As voltage increases, at what point does saturation of the core of a typical dry-type distribution and/or buck-boost transformer begin to happen? I would assume not for at least a 10% increase since that would be a common range of voltage variations.
Consider a buck-boost transformer with a 240 volt winding (maybe in the form of a pair of 120 volt windings configured in series) and a 32 volt winding (maybe in the form of a pair of 16 volt windings configured in series) where the 240 volt winding and 32 volt winding are in series. That would be a design voltage of 272 volts. Now if you connect a 277 volt supply circuit across the whole 272 effective winding (ungrounded on the 32 volt end, and grounded on the
240 volt end), you would get around 244.5 volts across the 240 volt winding. How close is this getting to saturation? I calculate that 10% over 272 volts works out to right around 8% of the 277 volts.

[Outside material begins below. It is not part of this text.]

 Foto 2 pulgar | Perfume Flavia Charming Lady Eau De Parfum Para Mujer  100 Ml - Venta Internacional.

If the 277 volt supply does go up to 10%, how much saturation could be taking place?What is the typical "percentage of voltage" before saturation begins to happen for this class of transformer? My understanding of saturation is that it is a gradual thing. But I've never studied it in particular, and some googling has not yet come up with any good material (except maybe a couple papers I cannot get more than a short abstract for at IEEE). But saturation theory is not the whole story, anyway, since it also matters how the transformer is designed.

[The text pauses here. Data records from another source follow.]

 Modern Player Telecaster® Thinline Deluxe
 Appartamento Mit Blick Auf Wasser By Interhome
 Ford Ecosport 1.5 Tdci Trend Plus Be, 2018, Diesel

I have seen brief voltage swells, usually 1/2 second to no more than 3 or 4 seconds, on the utility power, that are above 140 volts. If transformers are designed with a tight saturation tolerance, such swells could push them into the beginning saturation range.
Is such a bucking configuration a viable way to derive around 240 volts from around 277 volts? If not, I would have figured there would be transformers (of the autotransformer design) marketed specifically for dropping 277 volts to 240 volts.